さて、公演翌日の6日朝にアルゲリッチは平和記念式典に参列、7日にあるワークショップに顔を出した。アルゲリッチの次女で共に来広していたホロコーストの研究者、アニー・デュトワ・アルゲリッチさんがアウシュヴィッツに行ったことのある若者たちと討論するというものだった。舞台にはあのピアノも置かれ、萩原麻未がショパンの曲などを演奏した。ワークショップが終了すると、アルゲリッチは真っ直ぐに舞台に歩み寄り、ピアノの状態をひとしきり確認した後、すぐに弾き始めた。明子さんのピアノとアルゲリッチが出会った瞬間だった。アルゲリッチが感銘を受けたことは、「このピアノはショパンのwater memoryをもっているようね」という感想に表れている。明子さんがショパンを好んで弾いていたことをこのピアノはよく覚えている、明子さんのピアノに接したアルゲリッチはそう感じたのだった。
ピアノ協奏曲《Akiko’s Piano》
広島交響楽団は、被爆75年となる2020年8月の公演のために、イギリスを拠点に国際的に活躍する作曲家、藤倉大に新作のピアノ協奏曲を委嘱していた。初演のピアニスト、そして曲の献呈先、共にアルゲリッチを想定してのことだった。快諾した藤倉が考えたのは「明子さんのピアノの視点で曲を書きたい」ということだった。藤倉は2019年2月に来日、広島市郊外にある坂井原さんの工房に3日間通い詰め、明子さんのピアノに実際に触れながら、ピアノ協奏曲のカデンツァ部分の作曲に注力した。

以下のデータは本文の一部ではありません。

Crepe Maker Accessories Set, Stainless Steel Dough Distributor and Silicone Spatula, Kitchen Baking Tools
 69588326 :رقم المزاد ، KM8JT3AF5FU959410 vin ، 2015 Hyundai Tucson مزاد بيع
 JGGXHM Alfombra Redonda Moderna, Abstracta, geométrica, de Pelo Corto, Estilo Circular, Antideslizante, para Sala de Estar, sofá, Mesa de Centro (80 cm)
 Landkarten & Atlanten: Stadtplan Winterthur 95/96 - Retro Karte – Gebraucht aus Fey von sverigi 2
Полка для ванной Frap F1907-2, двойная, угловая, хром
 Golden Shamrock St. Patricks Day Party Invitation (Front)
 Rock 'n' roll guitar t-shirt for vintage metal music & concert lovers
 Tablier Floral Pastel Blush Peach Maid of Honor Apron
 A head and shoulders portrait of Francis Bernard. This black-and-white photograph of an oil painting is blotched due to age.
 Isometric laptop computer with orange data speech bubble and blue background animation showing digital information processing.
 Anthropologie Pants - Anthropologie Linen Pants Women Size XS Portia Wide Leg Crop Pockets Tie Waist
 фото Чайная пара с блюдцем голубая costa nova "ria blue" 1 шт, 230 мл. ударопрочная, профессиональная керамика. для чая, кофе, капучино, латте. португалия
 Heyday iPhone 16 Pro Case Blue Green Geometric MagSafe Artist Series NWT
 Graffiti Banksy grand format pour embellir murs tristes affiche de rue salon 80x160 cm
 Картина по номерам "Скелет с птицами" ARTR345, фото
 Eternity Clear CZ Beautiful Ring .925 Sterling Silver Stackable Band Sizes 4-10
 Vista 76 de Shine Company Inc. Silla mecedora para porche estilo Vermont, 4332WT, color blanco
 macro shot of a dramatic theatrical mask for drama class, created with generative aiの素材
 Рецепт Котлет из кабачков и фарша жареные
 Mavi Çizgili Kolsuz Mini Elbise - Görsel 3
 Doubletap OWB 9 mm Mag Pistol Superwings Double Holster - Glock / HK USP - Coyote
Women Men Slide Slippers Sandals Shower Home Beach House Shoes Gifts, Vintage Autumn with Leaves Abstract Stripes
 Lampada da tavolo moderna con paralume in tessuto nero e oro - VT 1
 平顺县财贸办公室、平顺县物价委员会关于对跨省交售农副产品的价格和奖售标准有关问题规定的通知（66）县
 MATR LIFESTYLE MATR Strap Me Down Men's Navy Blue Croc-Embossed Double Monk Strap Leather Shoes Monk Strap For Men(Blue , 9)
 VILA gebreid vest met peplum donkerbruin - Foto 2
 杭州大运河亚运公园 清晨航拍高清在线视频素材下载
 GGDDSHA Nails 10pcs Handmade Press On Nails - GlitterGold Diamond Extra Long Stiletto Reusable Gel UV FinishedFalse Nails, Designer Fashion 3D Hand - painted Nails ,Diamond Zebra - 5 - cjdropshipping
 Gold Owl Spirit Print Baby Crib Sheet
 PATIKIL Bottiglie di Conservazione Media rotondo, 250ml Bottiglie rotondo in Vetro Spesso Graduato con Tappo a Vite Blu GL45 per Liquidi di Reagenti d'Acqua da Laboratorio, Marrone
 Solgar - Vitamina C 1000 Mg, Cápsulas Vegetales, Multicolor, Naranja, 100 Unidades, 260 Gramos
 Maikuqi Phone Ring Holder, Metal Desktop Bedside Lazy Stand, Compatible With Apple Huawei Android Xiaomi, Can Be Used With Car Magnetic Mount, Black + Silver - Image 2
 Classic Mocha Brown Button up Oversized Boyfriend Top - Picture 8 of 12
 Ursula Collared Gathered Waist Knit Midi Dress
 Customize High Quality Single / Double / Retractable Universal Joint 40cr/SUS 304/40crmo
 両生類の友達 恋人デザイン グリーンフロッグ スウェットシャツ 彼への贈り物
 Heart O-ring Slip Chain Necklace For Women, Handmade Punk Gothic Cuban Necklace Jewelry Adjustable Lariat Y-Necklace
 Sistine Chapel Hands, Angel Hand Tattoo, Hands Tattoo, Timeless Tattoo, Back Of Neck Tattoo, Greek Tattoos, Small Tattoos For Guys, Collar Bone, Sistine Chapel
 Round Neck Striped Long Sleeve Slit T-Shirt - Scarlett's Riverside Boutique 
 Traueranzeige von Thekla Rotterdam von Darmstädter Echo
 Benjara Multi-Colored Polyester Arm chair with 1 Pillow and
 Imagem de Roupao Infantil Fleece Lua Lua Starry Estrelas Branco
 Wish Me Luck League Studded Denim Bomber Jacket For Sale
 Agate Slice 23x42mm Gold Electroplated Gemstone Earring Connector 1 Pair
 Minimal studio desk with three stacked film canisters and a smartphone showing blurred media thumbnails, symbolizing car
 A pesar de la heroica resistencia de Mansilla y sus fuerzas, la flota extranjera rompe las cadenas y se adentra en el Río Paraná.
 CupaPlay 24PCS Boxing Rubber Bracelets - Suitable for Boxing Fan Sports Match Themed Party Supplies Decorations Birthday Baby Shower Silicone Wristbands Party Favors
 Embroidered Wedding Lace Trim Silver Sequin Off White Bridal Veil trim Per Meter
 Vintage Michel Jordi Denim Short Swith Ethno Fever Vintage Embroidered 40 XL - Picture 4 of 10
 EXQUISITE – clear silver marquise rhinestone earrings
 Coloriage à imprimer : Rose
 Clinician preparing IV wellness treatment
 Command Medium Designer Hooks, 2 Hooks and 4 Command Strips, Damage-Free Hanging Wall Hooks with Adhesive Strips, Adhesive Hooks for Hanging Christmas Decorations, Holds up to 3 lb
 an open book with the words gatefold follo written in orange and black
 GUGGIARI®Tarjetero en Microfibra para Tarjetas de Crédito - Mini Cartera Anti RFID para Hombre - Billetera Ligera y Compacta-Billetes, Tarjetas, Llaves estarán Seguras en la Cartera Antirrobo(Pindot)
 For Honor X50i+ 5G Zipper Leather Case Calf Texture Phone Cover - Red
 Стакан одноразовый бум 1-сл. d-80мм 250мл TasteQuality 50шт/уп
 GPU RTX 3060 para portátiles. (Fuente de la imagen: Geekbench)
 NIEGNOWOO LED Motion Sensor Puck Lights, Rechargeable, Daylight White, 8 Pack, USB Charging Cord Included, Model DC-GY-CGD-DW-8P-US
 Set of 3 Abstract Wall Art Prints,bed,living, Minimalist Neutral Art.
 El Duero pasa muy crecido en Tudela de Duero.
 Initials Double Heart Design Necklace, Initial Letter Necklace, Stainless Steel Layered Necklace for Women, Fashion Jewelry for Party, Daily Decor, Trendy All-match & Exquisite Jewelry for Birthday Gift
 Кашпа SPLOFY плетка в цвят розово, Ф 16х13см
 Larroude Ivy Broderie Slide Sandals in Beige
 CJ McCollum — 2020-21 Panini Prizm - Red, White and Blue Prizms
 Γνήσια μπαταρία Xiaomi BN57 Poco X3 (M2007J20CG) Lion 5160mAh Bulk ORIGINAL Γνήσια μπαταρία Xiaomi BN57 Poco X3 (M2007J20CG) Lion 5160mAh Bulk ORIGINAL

ピアノ協奏曲第4番《Akiko’s Piano》が完成したのは同年7月のこと。約20分の作品で、終盤のカデンツァ部分には明子さんのピアノが使用される。ピアニストは、それまで弾いていたグランドピアノから、ステージ上を歩いて明子さんのピアノに移るという趣向だ。
完成した曲の楽譜は2019年8月、藤倉からアルゲリッチに手渡された。しかし、2020年8月5、6日に行われた広島交響楽団「2020〈平和の夕べ〉コンサート」にアルゲリッチの姿はなかった。猛威を振るっていたコロナ禍のために来日がかなわなかったのだ。代わって協奏曲初演のソリストを務めたのは萩原麻未だった。
物語は続く
2025年、被爆80周年がやってきた。この年の広島交響楽団〈平和の夕べ〉コンサートは8月5日に広島、7日に大阪、8日に東京で行われ、大阪と東京では明子さんのピアノがホールロビーに展示された。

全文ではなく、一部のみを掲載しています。